Un pueblo de la Patagonia en el contexto de su centenario es el escenario elegido por Maristella Svampa para su segunda novela. Un fresco social con personajes al borde de los estereotipos.
› Por Luciana De Mello
Patagonia, megaminería, justicialismo y trata de mujeres. La segunda novela de Maristella Svampa pinta un fresco costumbrista con todos estos elementos que no sólo dan cuenta de los escenarios políticos actuales en Argentina sino de las propias pasiones y debates en los que participa la autora en su otro frente, el de socióloga, analista política e investigadora del Conicet. Donde están enterrados nuestros muertos se sitúa en un pequeño pueblo ficcional de la meseta patagónica, que es nuevamente la geografía elegida por la autora para montar el escenario donde se desarrollará la historia de Rosana –una empleada doméstica que acaba de perder a su hijo en un accidente en la ruta provincial–, y la de Miguel Angel, el hijo mayor de su patrona que regresa a su pueblo natal para realizar una serie de entrevistas a los personaje célebres del pueblo en vísperas de los festejos de su centenario.

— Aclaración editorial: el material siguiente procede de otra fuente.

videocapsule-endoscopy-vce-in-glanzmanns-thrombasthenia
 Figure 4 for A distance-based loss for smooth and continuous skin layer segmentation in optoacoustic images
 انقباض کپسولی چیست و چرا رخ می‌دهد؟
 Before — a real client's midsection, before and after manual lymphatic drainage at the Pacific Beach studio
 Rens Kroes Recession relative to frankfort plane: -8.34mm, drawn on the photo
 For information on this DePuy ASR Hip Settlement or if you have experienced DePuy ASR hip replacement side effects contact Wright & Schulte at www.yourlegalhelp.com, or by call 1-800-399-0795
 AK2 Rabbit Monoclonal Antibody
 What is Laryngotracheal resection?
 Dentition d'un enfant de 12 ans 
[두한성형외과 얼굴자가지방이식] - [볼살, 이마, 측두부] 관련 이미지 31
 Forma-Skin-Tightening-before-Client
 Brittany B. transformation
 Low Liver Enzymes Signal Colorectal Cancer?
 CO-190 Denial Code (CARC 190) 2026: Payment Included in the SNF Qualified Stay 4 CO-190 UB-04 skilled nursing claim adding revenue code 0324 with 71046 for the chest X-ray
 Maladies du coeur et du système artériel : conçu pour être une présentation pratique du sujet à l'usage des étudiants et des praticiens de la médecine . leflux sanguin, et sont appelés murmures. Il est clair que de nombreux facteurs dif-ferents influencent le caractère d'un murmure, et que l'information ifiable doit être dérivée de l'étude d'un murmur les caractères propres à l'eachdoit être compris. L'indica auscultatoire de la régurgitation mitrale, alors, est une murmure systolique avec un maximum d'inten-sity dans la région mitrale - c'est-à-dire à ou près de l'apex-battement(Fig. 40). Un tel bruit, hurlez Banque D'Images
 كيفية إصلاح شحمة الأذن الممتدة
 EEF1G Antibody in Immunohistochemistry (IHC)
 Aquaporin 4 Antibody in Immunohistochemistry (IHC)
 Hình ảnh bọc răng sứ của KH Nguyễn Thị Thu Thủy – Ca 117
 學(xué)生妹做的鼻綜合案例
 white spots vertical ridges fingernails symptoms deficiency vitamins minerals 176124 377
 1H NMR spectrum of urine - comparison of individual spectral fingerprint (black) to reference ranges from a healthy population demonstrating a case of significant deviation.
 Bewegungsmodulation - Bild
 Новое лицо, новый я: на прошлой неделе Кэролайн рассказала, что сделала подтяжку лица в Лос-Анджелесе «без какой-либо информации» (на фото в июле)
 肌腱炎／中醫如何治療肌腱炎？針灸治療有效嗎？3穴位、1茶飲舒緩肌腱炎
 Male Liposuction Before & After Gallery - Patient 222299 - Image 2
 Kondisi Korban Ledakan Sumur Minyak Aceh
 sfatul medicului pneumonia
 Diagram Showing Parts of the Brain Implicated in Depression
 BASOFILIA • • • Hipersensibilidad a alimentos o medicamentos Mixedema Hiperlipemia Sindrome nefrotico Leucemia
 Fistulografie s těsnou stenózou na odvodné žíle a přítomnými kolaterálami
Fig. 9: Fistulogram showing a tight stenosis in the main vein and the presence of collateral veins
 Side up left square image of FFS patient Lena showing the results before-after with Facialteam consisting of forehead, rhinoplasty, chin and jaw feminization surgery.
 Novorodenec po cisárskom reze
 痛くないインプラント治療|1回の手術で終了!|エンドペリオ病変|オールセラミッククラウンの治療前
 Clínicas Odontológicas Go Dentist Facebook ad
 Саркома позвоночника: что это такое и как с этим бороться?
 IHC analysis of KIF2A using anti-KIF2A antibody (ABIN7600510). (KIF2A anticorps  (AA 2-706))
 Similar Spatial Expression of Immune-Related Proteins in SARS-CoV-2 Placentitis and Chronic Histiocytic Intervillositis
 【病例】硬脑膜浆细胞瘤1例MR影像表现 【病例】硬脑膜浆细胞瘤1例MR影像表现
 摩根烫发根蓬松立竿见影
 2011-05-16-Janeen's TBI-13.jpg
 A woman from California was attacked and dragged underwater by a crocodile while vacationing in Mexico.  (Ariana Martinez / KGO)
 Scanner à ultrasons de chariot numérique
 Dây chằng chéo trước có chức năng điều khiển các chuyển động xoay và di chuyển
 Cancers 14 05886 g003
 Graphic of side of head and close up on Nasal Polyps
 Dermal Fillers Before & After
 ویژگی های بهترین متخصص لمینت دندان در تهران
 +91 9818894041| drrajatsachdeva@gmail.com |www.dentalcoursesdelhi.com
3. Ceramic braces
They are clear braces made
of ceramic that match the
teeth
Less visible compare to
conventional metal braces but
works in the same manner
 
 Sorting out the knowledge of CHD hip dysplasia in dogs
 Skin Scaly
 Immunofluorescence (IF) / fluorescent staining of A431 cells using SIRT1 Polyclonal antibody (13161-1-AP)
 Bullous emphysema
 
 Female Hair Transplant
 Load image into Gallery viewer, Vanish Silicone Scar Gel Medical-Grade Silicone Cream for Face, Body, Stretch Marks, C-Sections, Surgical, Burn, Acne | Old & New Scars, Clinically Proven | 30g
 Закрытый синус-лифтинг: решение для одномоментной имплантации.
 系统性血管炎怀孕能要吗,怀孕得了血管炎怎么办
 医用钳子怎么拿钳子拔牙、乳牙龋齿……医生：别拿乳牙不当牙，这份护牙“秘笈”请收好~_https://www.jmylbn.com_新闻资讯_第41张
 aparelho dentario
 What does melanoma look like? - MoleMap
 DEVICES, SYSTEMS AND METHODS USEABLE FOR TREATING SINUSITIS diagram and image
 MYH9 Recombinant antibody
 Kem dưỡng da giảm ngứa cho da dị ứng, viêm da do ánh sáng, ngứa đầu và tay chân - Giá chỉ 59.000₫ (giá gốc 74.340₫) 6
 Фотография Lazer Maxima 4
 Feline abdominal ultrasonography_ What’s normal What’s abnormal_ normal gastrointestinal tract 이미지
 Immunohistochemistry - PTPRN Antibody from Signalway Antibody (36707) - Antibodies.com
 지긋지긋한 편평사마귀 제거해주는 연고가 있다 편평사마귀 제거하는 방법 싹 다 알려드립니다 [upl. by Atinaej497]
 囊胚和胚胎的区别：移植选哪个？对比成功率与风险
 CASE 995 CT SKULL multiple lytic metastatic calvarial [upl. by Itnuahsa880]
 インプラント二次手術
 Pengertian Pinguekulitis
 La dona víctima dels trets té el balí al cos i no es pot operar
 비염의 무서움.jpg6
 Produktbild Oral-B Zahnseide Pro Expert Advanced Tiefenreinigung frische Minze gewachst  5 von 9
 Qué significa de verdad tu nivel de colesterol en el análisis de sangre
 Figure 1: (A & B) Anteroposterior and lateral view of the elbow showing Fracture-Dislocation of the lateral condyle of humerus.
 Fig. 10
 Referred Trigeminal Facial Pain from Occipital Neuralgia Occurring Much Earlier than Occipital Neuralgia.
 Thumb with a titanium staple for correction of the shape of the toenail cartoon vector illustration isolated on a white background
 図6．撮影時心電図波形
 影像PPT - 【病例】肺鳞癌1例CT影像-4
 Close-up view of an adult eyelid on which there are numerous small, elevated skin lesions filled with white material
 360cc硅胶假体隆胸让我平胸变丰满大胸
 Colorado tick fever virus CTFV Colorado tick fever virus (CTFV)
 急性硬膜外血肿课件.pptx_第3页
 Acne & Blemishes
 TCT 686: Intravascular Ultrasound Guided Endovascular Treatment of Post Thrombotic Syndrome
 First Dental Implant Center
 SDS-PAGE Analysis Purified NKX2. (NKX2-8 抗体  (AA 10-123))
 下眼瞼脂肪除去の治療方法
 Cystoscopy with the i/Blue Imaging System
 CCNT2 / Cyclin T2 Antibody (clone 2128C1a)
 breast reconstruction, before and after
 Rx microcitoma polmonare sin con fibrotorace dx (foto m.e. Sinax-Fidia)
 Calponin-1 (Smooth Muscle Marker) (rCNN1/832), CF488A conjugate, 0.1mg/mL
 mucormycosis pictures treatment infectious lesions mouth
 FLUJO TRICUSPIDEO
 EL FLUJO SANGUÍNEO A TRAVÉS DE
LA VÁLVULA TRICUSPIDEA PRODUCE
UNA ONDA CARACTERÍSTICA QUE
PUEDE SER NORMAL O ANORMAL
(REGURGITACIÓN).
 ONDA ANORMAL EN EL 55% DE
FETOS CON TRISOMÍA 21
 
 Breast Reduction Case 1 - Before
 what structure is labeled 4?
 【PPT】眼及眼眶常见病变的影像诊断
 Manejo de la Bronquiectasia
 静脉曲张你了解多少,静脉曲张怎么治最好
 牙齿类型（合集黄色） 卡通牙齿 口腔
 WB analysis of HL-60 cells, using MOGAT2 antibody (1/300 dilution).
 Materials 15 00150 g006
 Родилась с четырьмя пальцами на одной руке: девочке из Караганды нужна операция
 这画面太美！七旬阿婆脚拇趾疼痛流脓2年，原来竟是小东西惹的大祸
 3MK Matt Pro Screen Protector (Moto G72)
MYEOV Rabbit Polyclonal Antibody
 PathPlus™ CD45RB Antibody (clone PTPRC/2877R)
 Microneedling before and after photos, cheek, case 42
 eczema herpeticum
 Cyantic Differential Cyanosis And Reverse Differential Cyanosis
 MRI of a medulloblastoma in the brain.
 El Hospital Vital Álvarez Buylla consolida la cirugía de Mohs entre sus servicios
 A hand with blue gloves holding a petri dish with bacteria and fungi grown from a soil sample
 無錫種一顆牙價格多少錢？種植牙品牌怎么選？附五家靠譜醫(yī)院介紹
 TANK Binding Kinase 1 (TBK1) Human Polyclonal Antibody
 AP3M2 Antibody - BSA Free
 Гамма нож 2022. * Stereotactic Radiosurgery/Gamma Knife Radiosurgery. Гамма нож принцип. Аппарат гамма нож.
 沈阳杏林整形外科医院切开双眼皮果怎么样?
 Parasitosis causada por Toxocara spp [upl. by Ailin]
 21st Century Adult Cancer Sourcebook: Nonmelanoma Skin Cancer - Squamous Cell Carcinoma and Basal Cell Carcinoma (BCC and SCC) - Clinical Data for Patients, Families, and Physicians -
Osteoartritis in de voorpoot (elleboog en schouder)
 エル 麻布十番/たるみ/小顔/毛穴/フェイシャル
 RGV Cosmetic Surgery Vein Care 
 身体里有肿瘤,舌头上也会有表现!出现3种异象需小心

Rosana es presentada como una mujer humilde, de unos cuarenta años, que ha sido madre joven y que es pobre. Las hojas que se le acumulan en el patio, gracias a la parra que la protege del calor del desierto, la obsesionan. Rosana escucha a Gilda y habla con diminutivos todo el tiempo. Es una mujer sin dobles intenciones ni dejos de maldad. No siente envidia ni resentimiento, sólo necesita hacer justicia desde que su hijo fue atropellado por una de las camionetas de la empresa minera que se llevan el mundo por delante. Rosana despierta a la política desde esta pérdida y, sin proponérselo, comienza un movimiento de concientización en su pueblo ayudada por un abogado joven, idealista e incorruptible. En la novela, también destaca la figura del intendente chanta preocupado en el corto plazo por su suerte política dentro de su jurisdicción, el pintor huraño y setentista desilusionado del mundo, la mujer bonita pero inteligente que alguna vez fue Miss Belleza del pueblo, y el infaltable porteño soberbio que en realidad nació en ese pueblo de la meseta patagónica, aunque ese dato es algo que preferiría olvidar.
Promediando el texto, Donde están enterrados nuestros muertos sufre de una saturación de lugares comunes, de una escritura de meseta que lejos de provocar tensión anticipa la resolución de los puntos de conflicto. El problema no es la temática realista, sino que se lee la intención en el tramado de la historia, pero sobre todo esta intención se concentra en la construcción de los personajes.
“Es la primera vez que unifico mi experiencia como investigadora con la literatura, porque ésta es, en su trasfondo, una novela social o política, o como quieran llamarla”, señaló Svampa en una entrevista, refiriéndose a su segunda novela. Y ciertamente es el problema que se plantea tras la lectura, el recurrente tema de forma-materiales. “Una novela sólo se explica por sí misma, y por las mismas razones por las que lo que cualquier obra de arte ‘significa’ sólo puede ser captado, develado, descubierto, desde su propio lenguaje”, afirmó alguna vez Abelardo Castillo. Y quizá sea esto lo que le falta a la historia, una vuelta de tuerca desde la perspectiva del lenguaje que no sólo reproduzca los discursos de los diferentes actores sociales de la época, sino que teja una trama subterránea a su discurso, la que va por lo bajo, la que se apoya en lo no dicho, la que explora la materia humana desde su profundidad, bastante lejos de las teorías.